* WHAT THE TASK ASKS
Restate all of the following data exactly, keeping any images out of the copy.

[Data extracted from a collection]
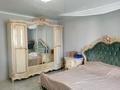 Жеке үй · 4 бөлме · 126 м² · 3.5 жүзд., Тайпак 13, бағасы: 26 млн ₸ в Мичуринское — фото 4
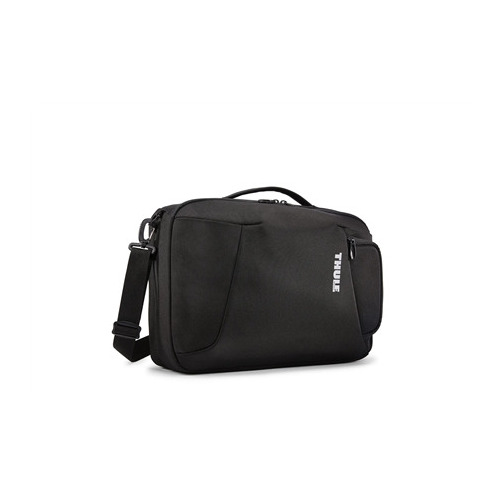 Thule | Accent Convertible Backpack |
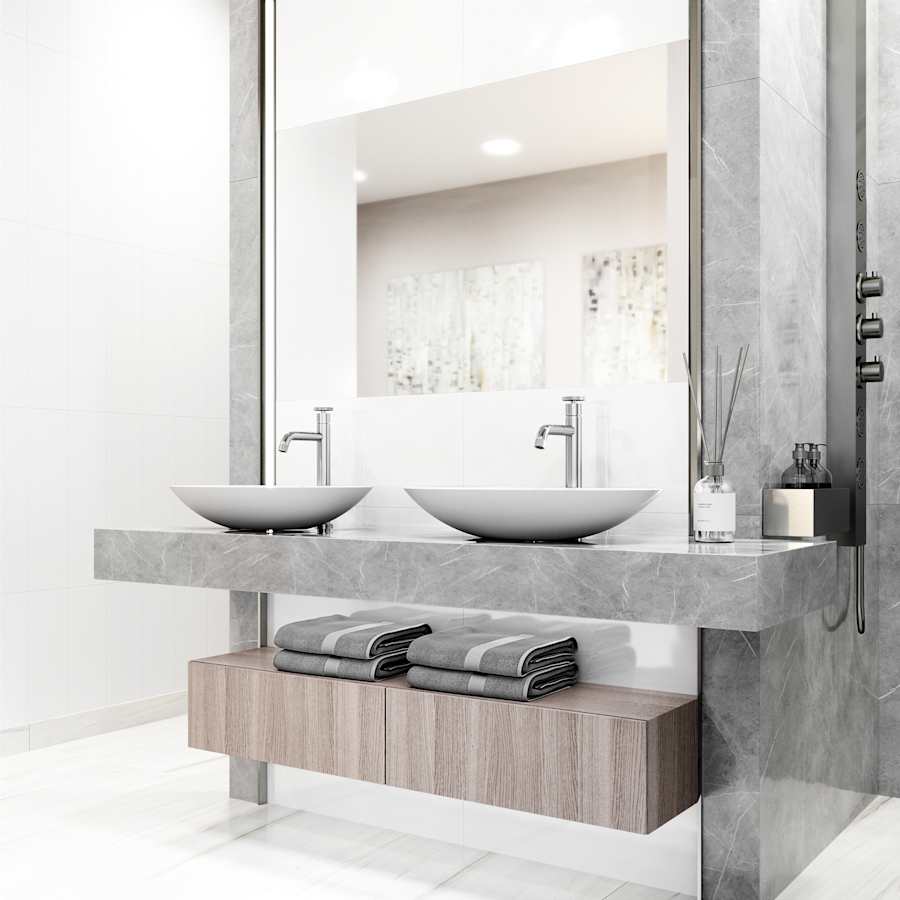 vigo-vgt2046-alternate-image-43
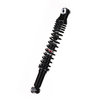 Preview image for YSS EcoLine TD220 Twin Rear Shock Absorbers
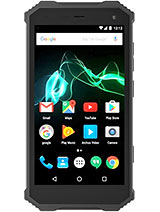 Best available price of Archos Saphir 50X in Canada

* RESULT BELOW
 Жеке үй · 4 бөлме · 126 м² · 3.5 жүзд., Тайпак 13, бағасы: 26 млн ₸ в Мичуринское — фото 4
 Thule | Accent Convertible Backpack |
 vigo-vgt2046-alternate-image-43
 Preview image for YSS EcoLine TD220 Twin Rear Shock Absorbers
 Best available price of Archos Saphir 50X in Canada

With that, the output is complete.